##### WORKING DATA #####

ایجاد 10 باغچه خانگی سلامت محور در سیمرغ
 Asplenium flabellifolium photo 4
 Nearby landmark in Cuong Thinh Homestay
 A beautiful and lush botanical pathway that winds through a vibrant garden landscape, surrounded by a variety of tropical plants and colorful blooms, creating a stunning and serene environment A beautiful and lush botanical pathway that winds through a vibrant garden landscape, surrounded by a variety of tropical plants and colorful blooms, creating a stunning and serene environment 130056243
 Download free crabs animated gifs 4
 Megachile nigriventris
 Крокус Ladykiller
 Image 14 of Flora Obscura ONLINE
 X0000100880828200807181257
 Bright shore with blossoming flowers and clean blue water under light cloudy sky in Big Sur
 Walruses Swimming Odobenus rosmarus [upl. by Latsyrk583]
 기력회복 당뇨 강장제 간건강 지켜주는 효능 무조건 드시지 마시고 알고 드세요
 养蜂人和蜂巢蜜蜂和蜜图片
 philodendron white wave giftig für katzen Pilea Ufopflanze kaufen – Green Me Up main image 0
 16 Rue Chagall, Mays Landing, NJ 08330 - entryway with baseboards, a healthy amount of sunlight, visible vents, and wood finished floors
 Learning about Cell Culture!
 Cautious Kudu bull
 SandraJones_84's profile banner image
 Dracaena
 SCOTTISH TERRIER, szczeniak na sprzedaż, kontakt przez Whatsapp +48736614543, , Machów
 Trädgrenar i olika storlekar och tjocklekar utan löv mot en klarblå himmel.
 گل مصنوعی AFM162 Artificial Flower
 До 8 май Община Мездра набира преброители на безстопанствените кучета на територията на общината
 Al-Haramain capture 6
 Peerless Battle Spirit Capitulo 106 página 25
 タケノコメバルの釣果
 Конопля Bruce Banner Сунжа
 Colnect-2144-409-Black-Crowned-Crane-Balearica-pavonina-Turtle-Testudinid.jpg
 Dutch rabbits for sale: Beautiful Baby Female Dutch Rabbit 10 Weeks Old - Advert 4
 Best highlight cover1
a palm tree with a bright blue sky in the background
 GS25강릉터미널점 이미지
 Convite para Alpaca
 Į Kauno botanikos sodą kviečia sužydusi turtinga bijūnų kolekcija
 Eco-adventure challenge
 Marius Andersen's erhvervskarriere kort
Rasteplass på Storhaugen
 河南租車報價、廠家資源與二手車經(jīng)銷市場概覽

#####

WHAT THE TASK REQUIRES
Would you please reproduce the records above exactly, only from their first line through the line holding "گل مصنوعی AFM162 Artificial Flower", with both ends included?

EXERCISE RESPONSE
ایجاد 10 باغچه خانگی سلامت محور در سیمرغ
 Asplenium flabellifolium photo 4
 Nearby landmark in Cuong Thinh Homestay
 A beautiful and lush botanical pathway that winds through a vibrant garden landscape, surrounded by a variety of tropical plants and colorful blooms, creating a stunning and serene environment A beautiful and lush botanical pathway that winds through a vibrant garden landscape, surrounded by a variety of tropical plants and colorful blooms, creating a stunning and serene environment 130056243
 Download free crabs animated gifs 4
 Megachile nigriventris
 Крокус Ladykiller
 Image 14 of Flora Obscura ONLINE
 X0000100880828200807181257
 Bright shore with blossoming flowers and clean blue water under light cloudy sky in Big Sur
 Walruses Swimming Odobenus rosmarus [upl. by Latsyrk583]
 기력회복 당뇨 강장제 간건강 지켜주는 효능 무조건 드시지 마시고 알고 드세요
 养蜂人和蜂巢蜜蜂和蜜图片
 philodendron white wave giftig für katzen Pilea Ufopflanze kaufen – Green Me Up main image 0
 16 Rue Chagall, Mays Landing, NJ 08330 - entryway with baseboards, a healthy amount of sunlight, visible vents, and wood finished floors
 Learning about Cell Culture!
 Cautious Kudu bull
 SandraJones_84's profile banner image
 Dracaena
 SCOTTISH TERRIER, szczeniak na sprzedaż, kontakt przez Whatsapp +48736614543, , Machów
 Trädgrenar i olika storlekar och tjocklekar utan löv mot en klarblå himmel.
 گل مصنوعی AFM162 Artificial Flower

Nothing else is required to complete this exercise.